*** Opening of Material provided ***

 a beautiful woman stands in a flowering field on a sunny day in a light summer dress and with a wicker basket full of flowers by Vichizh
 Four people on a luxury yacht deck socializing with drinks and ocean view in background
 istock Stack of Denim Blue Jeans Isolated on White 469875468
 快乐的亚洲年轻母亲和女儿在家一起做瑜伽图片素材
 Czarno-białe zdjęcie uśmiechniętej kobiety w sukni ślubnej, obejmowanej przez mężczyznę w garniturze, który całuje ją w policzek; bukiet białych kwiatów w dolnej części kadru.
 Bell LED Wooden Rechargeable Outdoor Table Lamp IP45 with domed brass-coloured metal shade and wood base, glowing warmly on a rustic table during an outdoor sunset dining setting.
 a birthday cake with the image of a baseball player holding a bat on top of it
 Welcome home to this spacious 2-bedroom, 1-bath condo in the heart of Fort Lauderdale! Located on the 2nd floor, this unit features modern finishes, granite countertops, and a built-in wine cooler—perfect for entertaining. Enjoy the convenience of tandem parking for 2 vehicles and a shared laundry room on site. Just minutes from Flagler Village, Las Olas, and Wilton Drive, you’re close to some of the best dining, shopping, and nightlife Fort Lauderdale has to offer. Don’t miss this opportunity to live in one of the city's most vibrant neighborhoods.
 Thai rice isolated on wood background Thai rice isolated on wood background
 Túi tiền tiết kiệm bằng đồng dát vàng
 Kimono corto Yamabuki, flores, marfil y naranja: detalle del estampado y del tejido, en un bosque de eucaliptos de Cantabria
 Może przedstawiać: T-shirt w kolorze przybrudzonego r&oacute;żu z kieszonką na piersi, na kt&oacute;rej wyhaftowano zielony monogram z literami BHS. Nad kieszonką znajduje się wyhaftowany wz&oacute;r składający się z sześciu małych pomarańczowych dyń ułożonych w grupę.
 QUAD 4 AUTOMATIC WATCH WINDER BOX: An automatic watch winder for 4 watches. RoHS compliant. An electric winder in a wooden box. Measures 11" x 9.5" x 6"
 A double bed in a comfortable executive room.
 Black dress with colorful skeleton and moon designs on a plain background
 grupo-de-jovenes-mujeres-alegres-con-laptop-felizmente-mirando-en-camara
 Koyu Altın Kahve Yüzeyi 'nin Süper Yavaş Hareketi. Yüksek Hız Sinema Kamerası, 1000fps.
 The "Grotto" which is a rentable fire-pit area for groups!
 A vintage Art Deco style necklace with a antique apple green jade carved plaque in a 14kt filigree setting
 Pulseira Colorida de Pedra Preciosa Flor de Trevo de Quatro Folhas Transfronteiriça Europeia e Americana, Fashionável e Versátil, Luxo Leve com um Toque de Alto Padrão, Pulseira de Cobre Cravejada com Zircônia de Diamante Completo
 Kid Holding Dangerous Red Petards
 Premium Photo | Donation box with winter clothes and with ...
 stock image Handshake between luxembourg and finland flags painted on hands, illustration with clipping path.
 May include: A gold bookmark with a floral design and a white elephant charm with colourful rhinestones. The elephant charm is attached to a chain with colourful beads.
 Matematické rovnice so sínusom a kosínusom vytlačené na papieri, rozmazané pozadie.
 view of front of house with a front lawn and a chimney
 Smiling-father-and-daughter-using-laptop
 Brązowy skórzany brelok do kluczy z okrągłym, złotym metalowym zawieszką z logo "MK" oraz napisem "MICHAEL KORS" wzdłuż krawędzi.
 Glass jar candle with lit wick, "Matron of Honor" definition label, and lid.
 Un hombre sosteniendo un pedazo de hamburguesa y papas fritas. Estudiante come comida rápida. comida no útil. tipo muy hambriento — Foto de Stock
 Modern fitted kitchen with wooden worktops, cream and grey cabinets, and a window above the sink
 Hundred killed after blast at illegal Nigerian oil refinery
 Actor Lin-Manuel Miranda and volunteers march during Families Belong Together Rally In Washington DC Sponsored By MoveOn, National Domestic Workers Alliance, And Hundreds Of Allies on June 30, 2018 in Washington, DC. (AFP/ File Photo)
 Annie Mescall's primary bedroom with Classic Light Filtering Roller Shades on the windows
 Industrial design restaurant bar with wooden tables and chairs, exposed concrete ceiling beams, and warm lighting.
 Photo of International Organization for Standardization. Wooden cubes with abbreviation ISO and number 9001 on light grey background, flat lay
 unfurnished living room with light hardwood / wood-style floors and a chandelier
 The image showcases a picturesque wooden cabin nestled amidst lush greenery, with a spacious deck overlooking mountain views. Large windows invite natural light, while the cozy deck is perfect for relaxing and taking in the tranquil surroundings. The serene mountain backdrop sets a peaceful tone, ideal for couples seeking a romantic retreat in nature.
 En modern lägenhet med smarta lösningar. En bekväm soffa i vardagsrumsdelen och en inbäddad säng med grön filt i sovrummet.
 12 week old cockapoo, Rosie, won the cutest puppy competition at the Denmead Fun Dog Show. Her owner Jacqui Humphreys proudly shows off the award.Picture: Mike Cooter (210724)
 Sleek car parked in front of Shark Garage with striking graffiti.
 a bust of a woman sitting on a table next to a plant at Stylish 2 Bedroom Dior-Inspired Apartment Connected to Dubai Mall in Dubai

*** Close of Material provided ***

▶ [Your goal]
What you return must be the lines above that run from the line with "En modern lägenhet" to the line with "Sleek car parked", inclusive, each copied exactly.

▶ [Worked solution]
 En modern lägenhet med smarta lösningar. En bekväm soffa i vardagsrumsdelen och en inbäddad säng med grön filt i sovrummet.
 12 week old cockapoo, Rosie, won the cutest puppy competition at the Denmead Fun Dog Show. Her owner Jacqui Humphreys proudly shows off the award.Picture: Mike Cooter (210724)
 Sleek car parked in front of Shark Garage with striking graffiti.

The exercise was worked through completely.